[JAVA-2339] Reduce memory requirements for Document and BsonDocument when the number of keys is small Created: 10/Oct/16 Updated: 15/Feb/18 Resolved: 15/Feb/18 |
|
| Status: | Closed |
| Project: | Java Driver |
| Component/s: | BSON |
| Affects Version/s: | None |
| Fix Version/s: | None |
| Type: | Improvement | Priority: | Major - P3 |
| Reporter: | Jeffrey Yemin | Assignee: | Jeffrey Yemin |
| Resolution: | Won't Fix | Votes: | 0 |
| Labels: | None | ||
| Remaining Estimate: | Not Specified | ||
| Time Spent: | Not Specified | ||
| Original Estimate: | Not Specified | ||
| Description |
|
Both Document and BsonDocument have an internal LinkedHashMap to store the entries in order. This is not the most efficient data structure to use when the number of entries is small.

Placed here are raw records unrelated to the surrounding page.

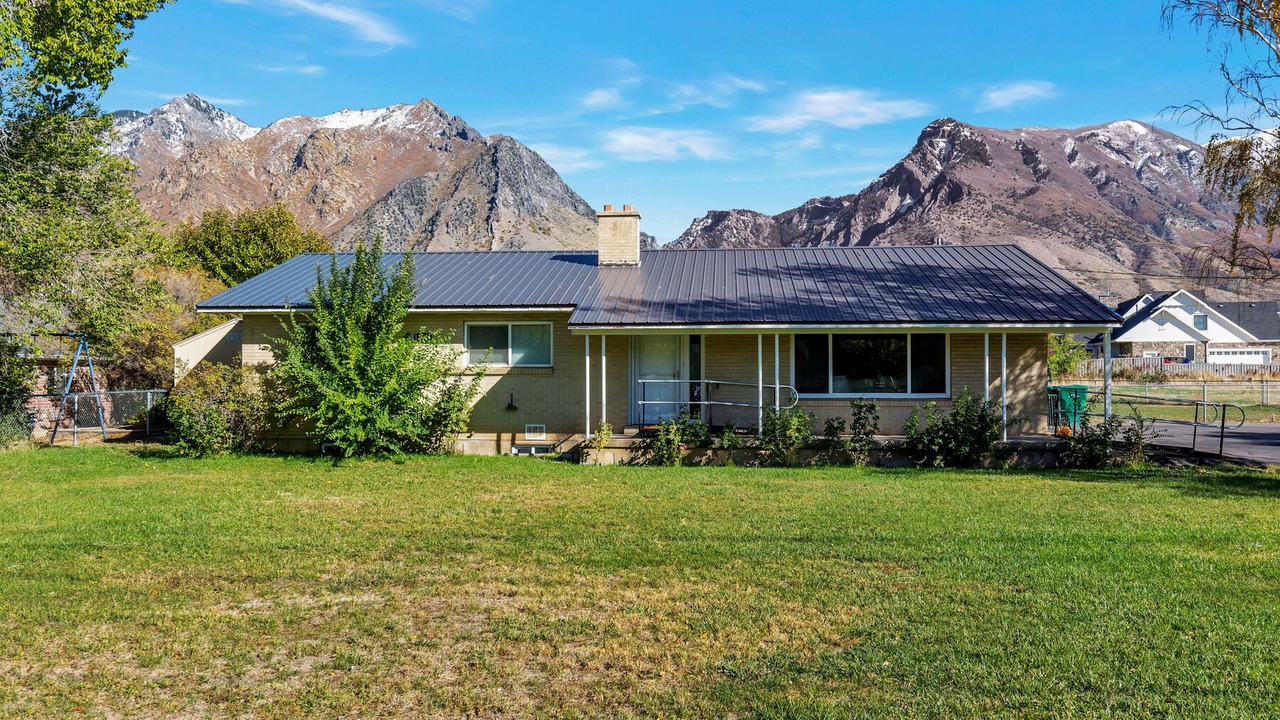 Photo of Outdoor in Highland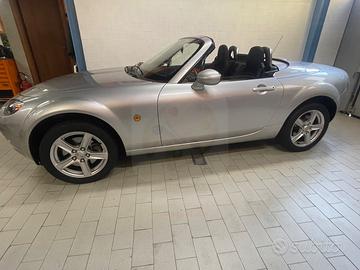 Mazda MX-5 Roadster Coupé 1.8L Wind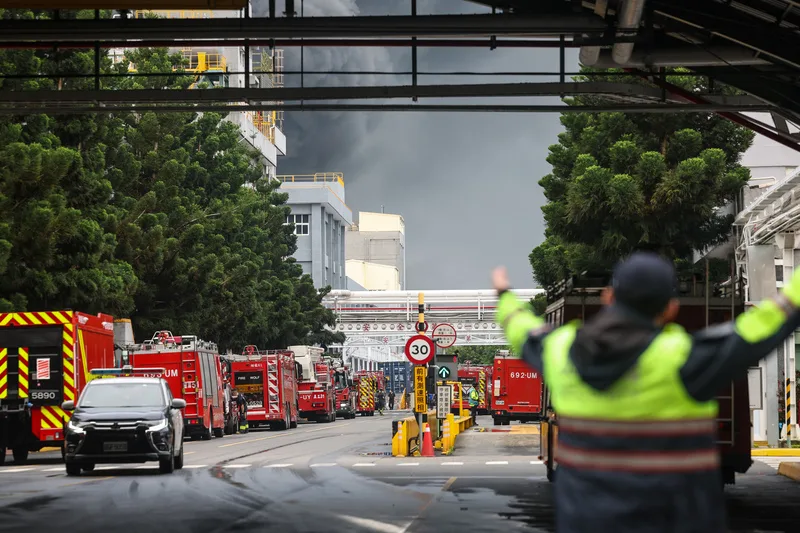泰山區南林路南亞塑膠林口廠7日凌晨發生火警，警消出動人車前往灌救，目前無人受困，廠區內停滿消防車。中央社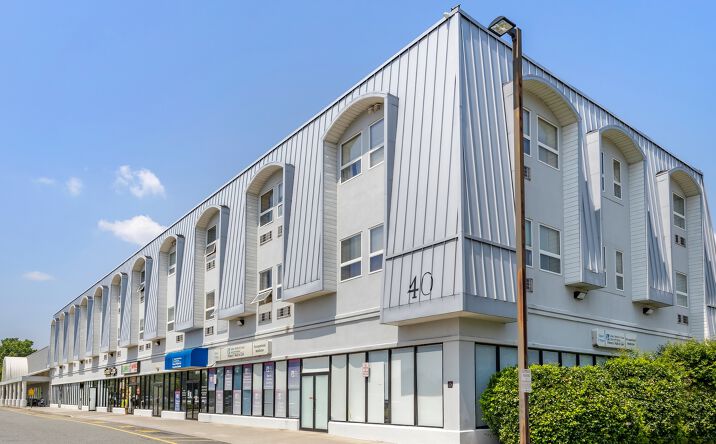 Pictures of Retail property located at 40 Washington Ave, Dumont, NJ 07628 for lease - image #1
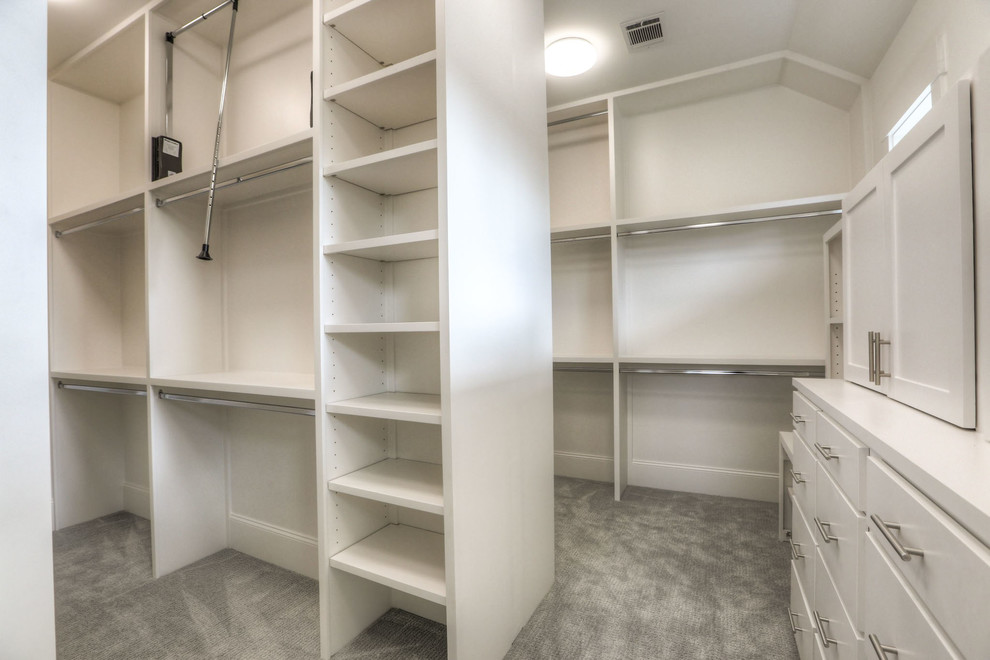 Diseño de armario vestidor unisex tradicional renovado grande con armarios abiertos, puertas de armario blancas, moqueta y suelo gris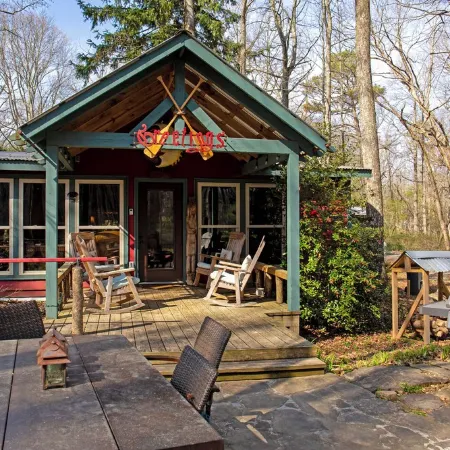 Designer 1880s Log Cabin - 2 Private King Suites - Walk to Mentone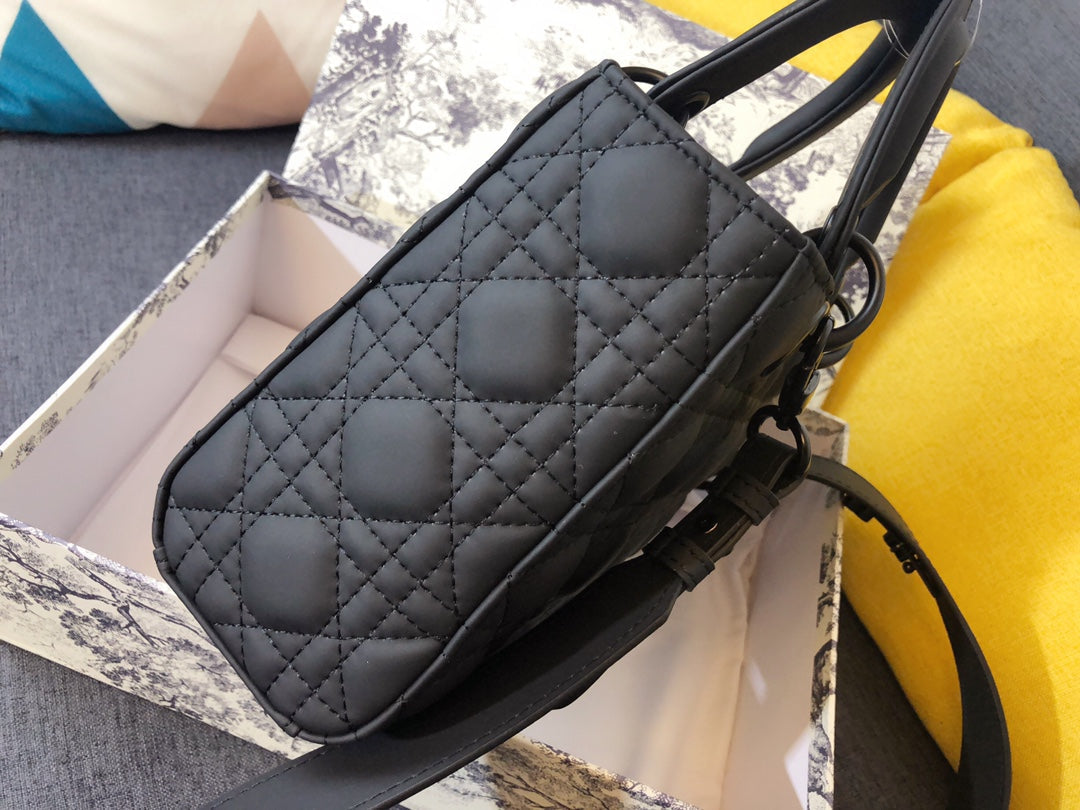 MEDIUM LADY 20 BAG CALFSKIN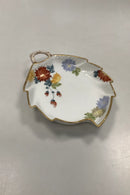 Royal Copenhagen Stel No 93 Hvid Halvblonde m. Blomster og Guldkant Stor Bladformet Asiet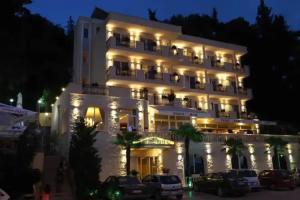 Hotel «Gold», Влера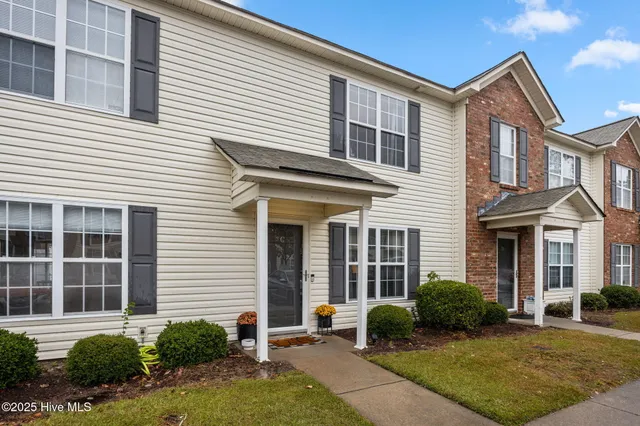 $165,000 | 4239 Dudleys Grant Drive, Unit C, Winterville, NC 28590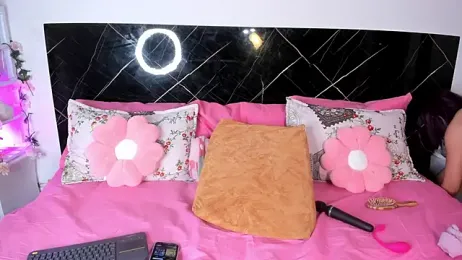 EmilyyGomez stripchat stream image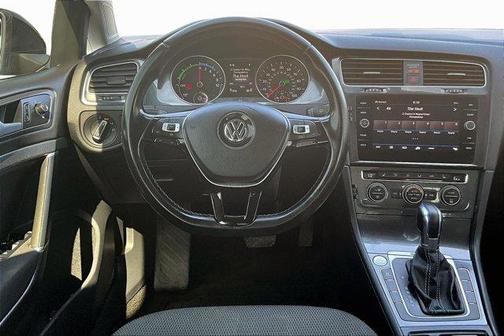 2013 Volkswagen GTI W/SUNROOF&NAVI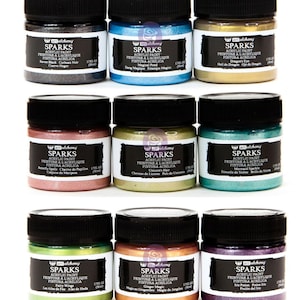 Puede incluir: Diez botellas de pintura acrílica de 1.7 fl oz con un acabado metálico. Cada botella tiene un color diferente y un nombre para el color. Los nombres son: Negro cuervo, Estanque mágico, Ojo de dragón, Hechizo de mariposa, Pelo de unicornio, Brillo de sirena, Alas de hada, Magia de jengibre, Poción de iris.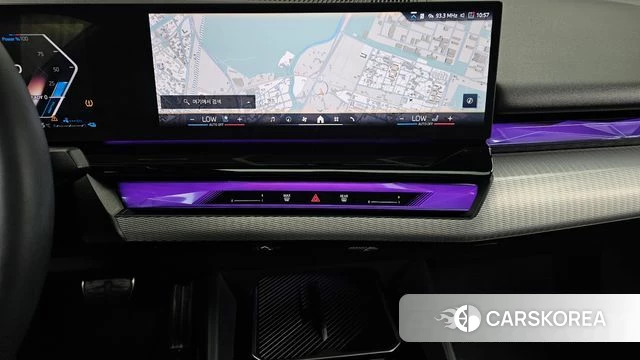BMW 5 Series (G60) 2025 Черный из Кореи, фото 5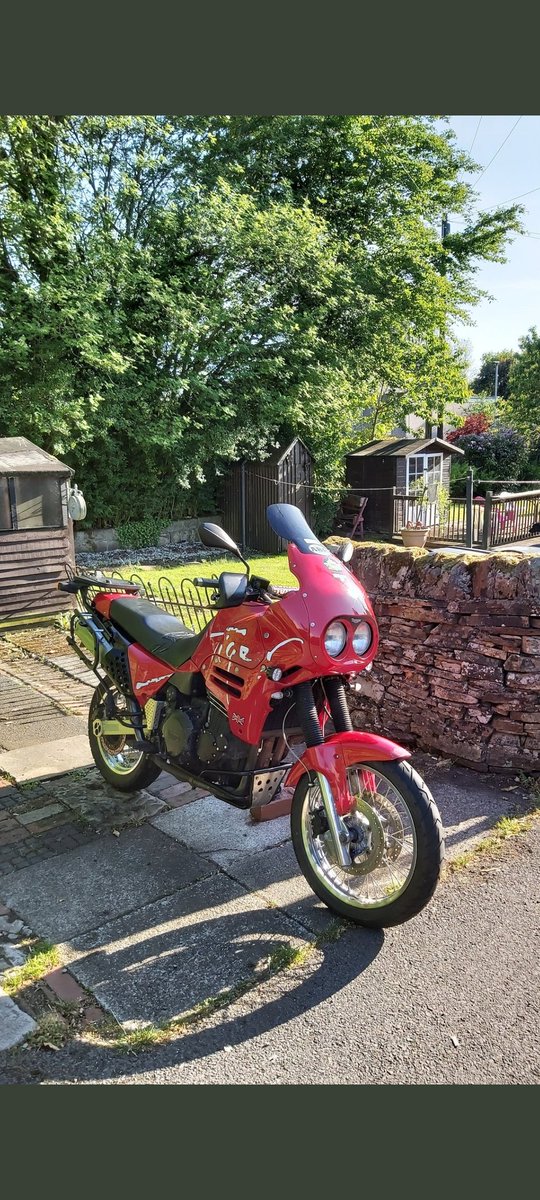 cmcteir's tweet photo. @SimonHbikes @UKTriumph @RupertPaul3 Red is the best colour 👌 https://t.co/9jzPhudI8B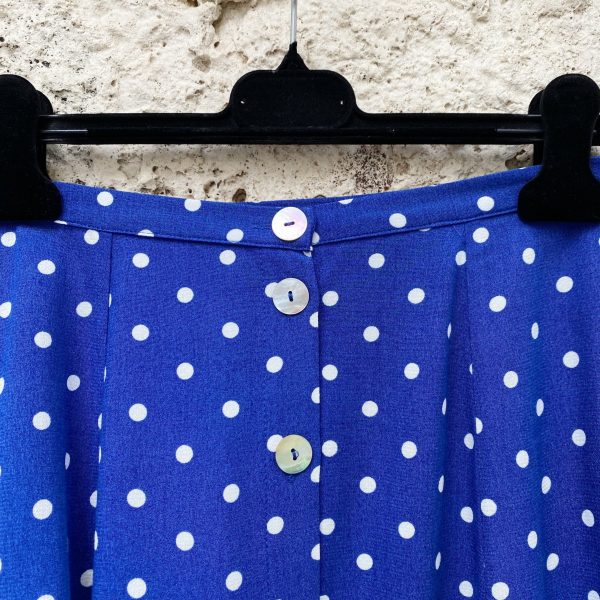 Button & Pois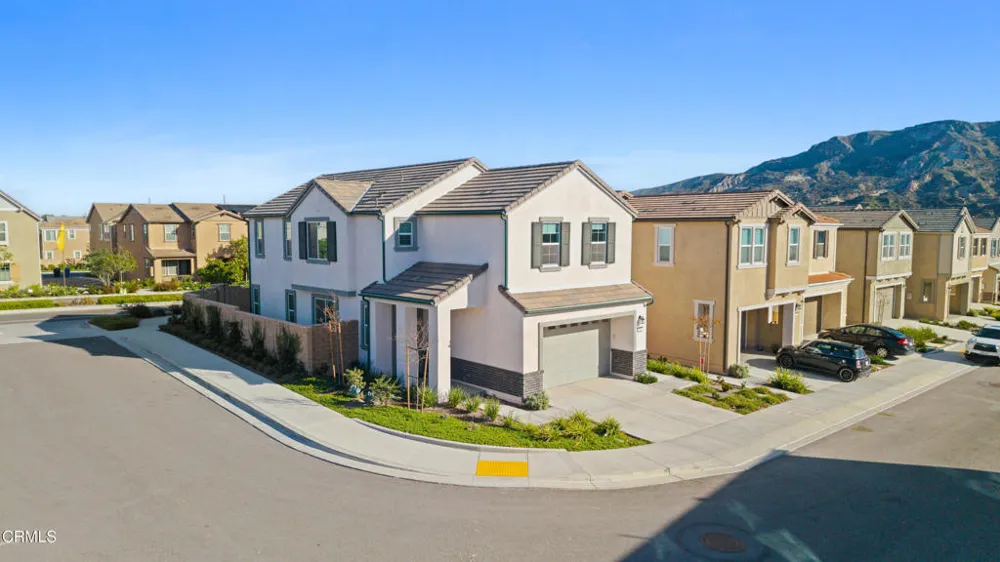 509 Snowdrop Lane Santa Paula, CA 93060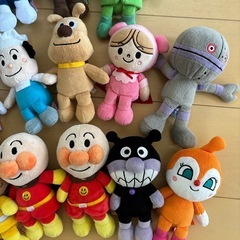 アンパンマンの人形16体の画像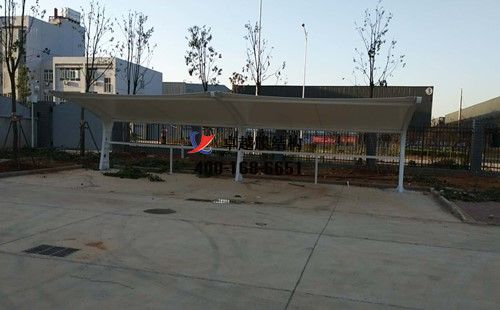 宇通長沙4S店<font color='red'>膜結(jié)構(gòu)車棚</font>/罩棚工程動態(tài)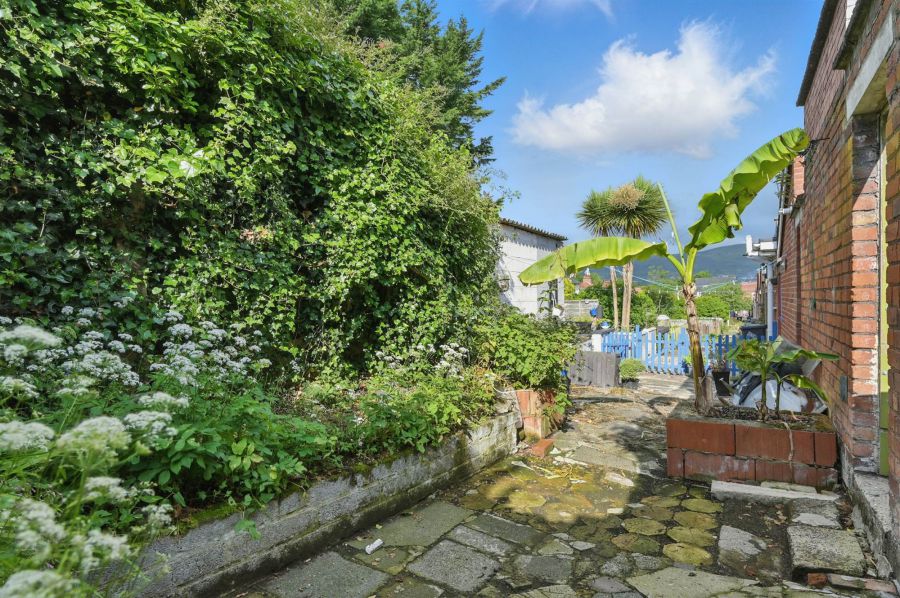 4 Ashley Drive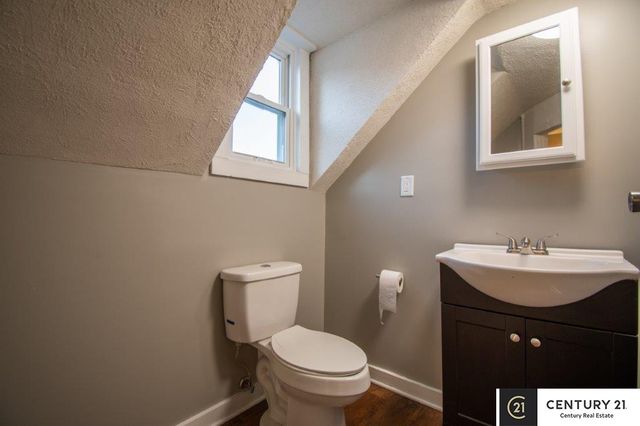 4319 S 27th Street, Omaha, NE 68107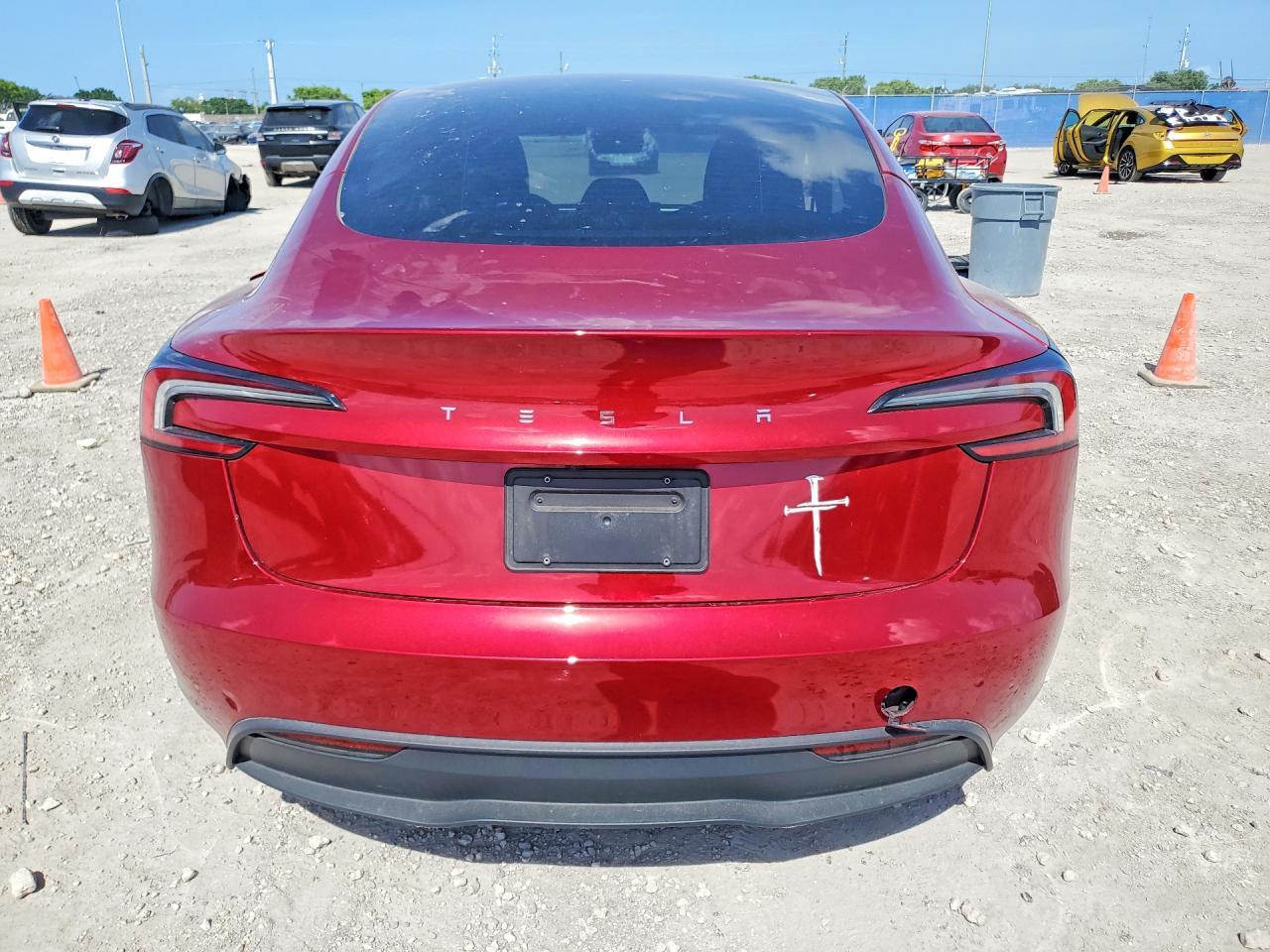 2024 Tesla Model 3 - Фото 6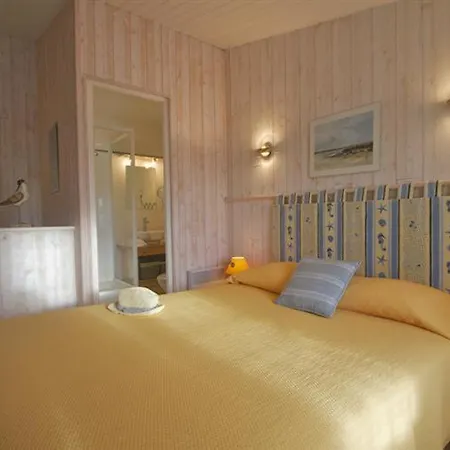 Feriehus Locations De Le Clos Rhea *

Consider using just an ArrayList to handle small numbers of entries, and only start using a hash table when the number of entries grows to more than a handful (size of handful TBD). |
| Comments |
| Comment by Jeffrey Yemin [ 15/Feb/18 ] |
|
I wrote a simple implementation of a Map which starts as an ArrayList and then adds a backing HashMap when the size goes above a threshold. Source code is here. But benchmarking with jmh reveals that it's slower than LinkedHashMap in most cases, so I'm abandoning the effort. |
| Comment by Ross Lawley [ 08/Dec/17 ] |
|
aharris the final implementation is undecided, it could be a simple list of BsonElement where each element would contain a key and value. Bson is field order sensitive, so we must maintain insertion order and couldn't use a Set. What the value of a given key is somewhat arbitary, n-dimension documents are still just key-value pairs all the way down. We'd obviously have to benchmark any changes to ensure we don't negative impact users. The CSharp driver has a List backing their BsonDocument.cs implementation and inspiration may be drawn from that. Please keep watching this ticket and we'll update with more information once progress has started. Ross |
| Comment by Andrew Harris [ 08/Dec/17 ] |
|
I wasn't talking about from a users perspective. I was merely asking how you would envisage implementing a multi-dimensional Set which supports countless imbedded Sets in an unordered single dimensional Array without introducing complex wrapper objects (which would be more expensive)? In the end, you would essentially have yet another Set implementation anyway. I suspect that even if it were possible the overhead of managing such a mechanism would far outway any resource savings you were trying to achieve in the first place. LinkedHashMap is based, of course, on a double linked list which I'll agree uses more resources than say a normal HashMap but it is required for consistent field ordering. Json isn't field order sensitive in itself but if your application might be (and certainly your unit tests might be). |
| Comment by Ross Lawley [ 08/Dec/17 ] |
|
aharris this would be an internal optimization for performance / memory usage reasons. From a users perspective there would be no difference to how they can be used. |
| Comment by Andrew Harris [ 08/Dec/17 ] |
|
Lists are not Sets so it would awkward to store a field name and value in a one-dimensional list or are you suggesting that two or more Lists are used? Also, how would this cater for n-dimensional embedded documents? |